Disturbingly, it's been long known that these drug tests are unreliable. Urine drug tests commonly administered to pregnant women can have false positive rates as high as 50 percent. False positives frequently occur when someone is taking over-the-counter medications, common antidepressants, or routinely prescribed blood pressure medications. Women have even faced child welfare investigations after they ate poppy seeds (last year, the Department of Defense told service members to stop eating poppy seeds out of concerns they could cause false positives on drug tests.)
The aftermath of a false positive can be devastating.
"After a California mother had a false positive for meth and PCP, authorities took her newborn, then dispatched two sheriff's deputies to also remove her toddler from her custody," Walter wrote. "In New York, hospital administrators refused to retract a child welfare report based on a false positive result, and instead offered the mother counseling for her trauma…And when a Pennsylvania woman tested positive for opioids after eating pasta salad, the hearing officer in her case yelled at her to 'buck up, get a backbone, and stop crying.'"
While more than half of U.S. states require hospitals to inform child welfare agencies if they suspect a mother used drugs during pregnancy, none require hospitals to confirm that those results are correct. This means that when a mother has a false positive, she often lacks the ability to demand a more reliable drug test to prove her innocence.
Ironically, Walter's investigation found that "most of the caseworkers who investigate them are entitled to confirmation testing and a review if they test positive for drugs on the job."
Without protections guaranteeing a right to a test confirming a positive result, families can face humiliating, terrifying ordeals.

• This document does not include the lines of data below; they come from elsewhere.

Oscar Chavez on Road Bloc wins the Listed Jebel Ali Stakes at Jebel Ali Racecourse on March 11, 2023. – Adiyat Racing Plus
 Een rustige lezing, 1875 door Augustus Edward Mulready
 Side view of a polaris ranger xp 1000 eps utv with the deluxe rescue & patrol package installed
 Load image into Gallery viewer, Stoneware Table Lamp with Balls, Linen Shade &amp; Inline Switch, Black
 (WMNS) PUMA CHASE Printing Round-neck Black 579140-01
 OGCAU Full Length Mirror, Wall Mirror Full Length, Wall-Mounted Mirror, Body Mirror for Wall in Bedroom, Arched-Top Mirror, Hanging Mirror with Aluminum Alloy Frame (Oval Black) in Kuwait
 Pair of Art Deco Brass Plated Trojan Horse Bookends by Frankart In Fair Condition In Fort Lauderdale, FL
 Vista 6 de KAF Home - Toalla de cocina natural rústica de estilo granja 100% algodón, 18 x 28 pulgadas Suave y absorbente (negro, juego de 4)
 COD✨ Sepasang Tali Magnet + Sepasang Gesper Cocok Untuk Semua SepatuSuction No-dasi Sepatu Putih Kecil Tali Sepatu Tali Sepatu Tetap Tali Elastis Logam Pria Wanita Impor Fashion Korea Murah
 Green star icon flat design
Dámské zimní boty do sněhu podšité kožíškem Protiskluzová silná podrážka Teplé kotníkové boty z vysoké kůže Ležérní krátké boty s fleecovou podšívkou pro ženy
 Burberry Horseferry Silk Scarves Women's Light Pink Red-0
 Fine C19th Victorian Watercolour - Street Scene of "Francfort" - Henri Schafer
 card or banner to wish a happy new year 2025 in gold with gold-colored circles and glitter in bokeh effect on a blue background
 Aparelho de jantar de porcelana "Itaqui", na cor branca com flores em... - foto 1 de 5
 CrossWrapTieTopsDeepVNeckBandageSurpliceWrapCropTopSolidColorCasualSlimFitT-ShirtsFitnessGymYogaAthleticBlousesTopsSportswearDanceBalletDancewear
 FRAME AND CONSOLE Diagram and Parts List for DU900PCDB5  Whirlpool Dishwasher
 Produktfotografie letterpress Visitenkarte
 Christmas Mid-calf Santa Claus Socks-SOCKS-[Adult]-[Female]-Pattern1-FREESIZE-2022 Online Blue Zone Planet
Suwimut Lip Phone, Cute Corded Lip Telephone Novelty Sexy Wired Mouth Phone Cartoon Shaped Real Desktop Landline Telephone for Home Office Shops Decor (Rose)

After one woman falsely tested positive for cocaine, hospital employees barred from breastfeeding her newborn. Even though a confirmation test came back negative just a few days later, the state kept its investigation open for almost two weeks. The accusation will be on the mother's record for the next five years.
Another woman, Susan Horton, tested positive for opiates after eating a salad with poppy seed dressing. She was separated from her newborn daughter for two weeks. Even after it became clear that she wasn't taking drugs, child welfare workers insisted that she had hurt her child.
"Caseworkers and doctors had privately acknowledged that poppy seeds could have caused Horton's positive test result," Walter wrote. "But in court the caseworker didn't mention that. Instead, she argued that Horton's purported drug use had 'caused serious physical harm' to her child."
When hospitals report mothers to child welfare authorities based on an incredibly unreliable test, they end up removing perfectly healthy children from loving, responsible parents. A simple attempt to confirm results should be more than enough to ensure that genuinely endangered children are protected. A poppy seed bagel should never be the impetus of a child welfare investigation.